- Born: June 26, 1975 (age 51) Tashkent, Soviet Union
- Education: Moscow State Institute of International Relations
- Occupations: Entrepreneur and business executive
- Years active: 2000s—current
- Organization: Love Syndrome
- Known for: Former CEO of AliExpress Russia
- Children: 3

= Dmitry Sergeev (businessman) =

Dmitry Aleksandrovich Sergeev (born 26 June 1975) is a Russian entrepreneur and business executive who is the chairman of the board of trustees of Love Syndrome Foundation (since 2016). He was the former CEO of AliExpress Russia (from 2019 to 2022) and board member of Mail.ru Group (from 2018 to 2022).

== Early life ==
Dmitry Sergeev was born on 26 June 1975 in Tashkent, moved to Moscow, and graduated from the Moscow State Institute of International Relations International Law department.

== Career ==
Sergeev's career began in the legal department of Alfa-Bank in the early 2000s but soon shifted toward media management. In 2022, he was appointed managing director of Regional Media Group, which consolidated Ivan Tavrin's assets in mass media. Since then, he has held executive roles in several media companies: corporate director of TV-3 channel, deputy CEO of Regional Media Group, and CEO of Media1 holding. Since 2009, he has worked at United Television Holding (UTV) and became its CEO. From 2012 to 2013, Sergeev was a director general of Kommersant publishing house.

In January 2014, Sergeev was appointed executive director of VK, responsible for the financial management of the social network.
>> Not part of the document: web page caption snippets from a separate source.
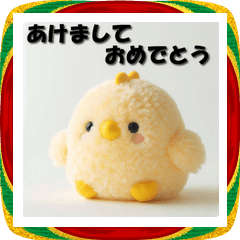 [LINEスタンプ] 十二支全部 あけおめ 年賀状 ヌイグルミ
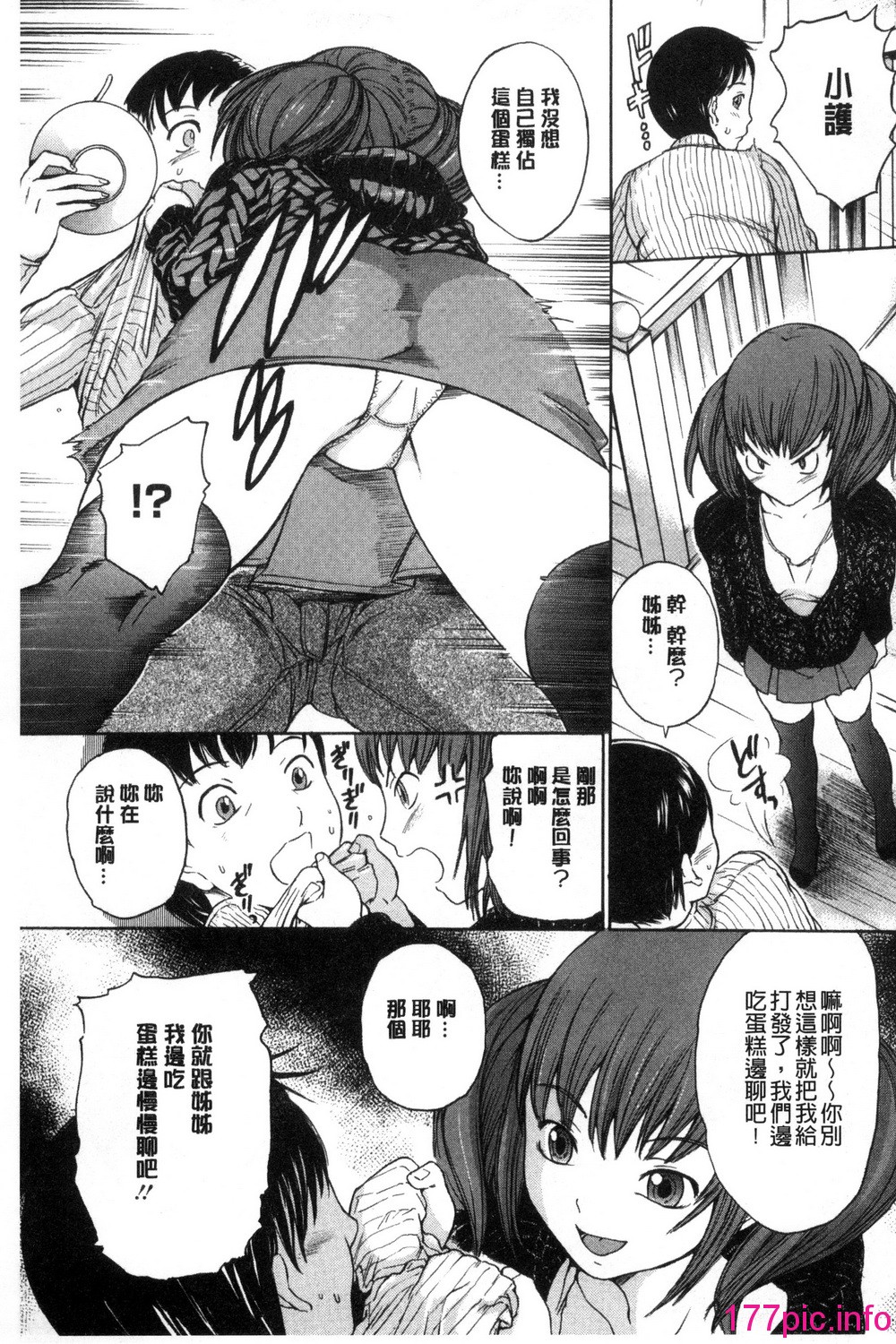 148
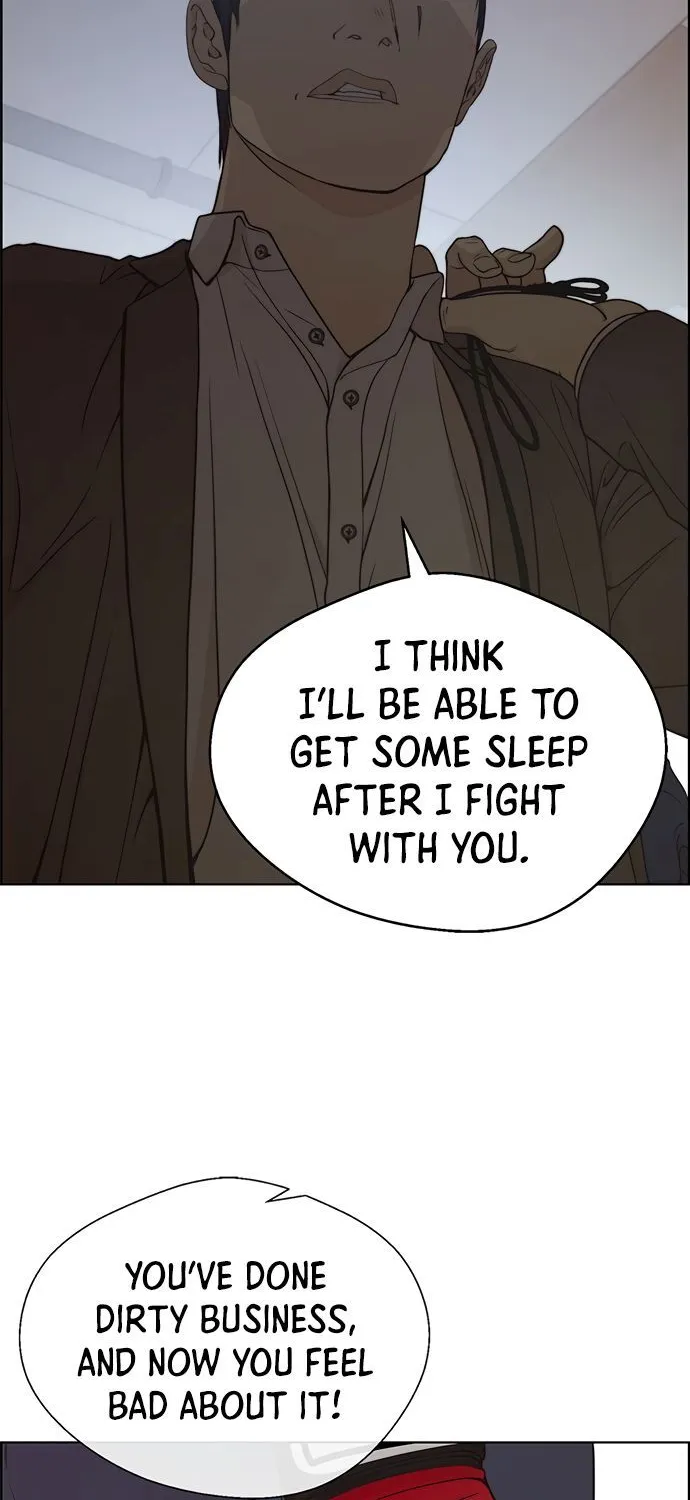 Read Real Man chapter 69 image 86 on Lezhin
Later in 2014, he became the first deputy director of Mail.ru Group. Since 2016, he has been the first deputy CEO of Mail.ru Group and subsequently became a board member in 2018. He left the board in January 2022. From 2019 to 2022, he was a co-CEO of AliExpress Russia, the joint venture of Alibaba Group, Mail.ru Group, MegaFon, and the Russian Direct Investment Fund. In 2022, Sergeev left the company.

== Philanthropy ==
Since 2016, Sergeev has been the chairman of the board of trustees of the Love Syndrome Foundation, which aims to create a comfortable environment for people with Down syndrome to study, develop, and work. He has partnered with the international Downside Up Foundation and helped launch sports, employment, and volunteering projects. He also works on public campaigns that create a positive image of people with mental disabilities in society. He produced an "Eating an Elephant" documentary about theater actors with Down syndrome and a "Small Andrew's Diary" animated movie about a boy with a mental disability.

== Personal life ==
Dmitry Sergeev is married with three children.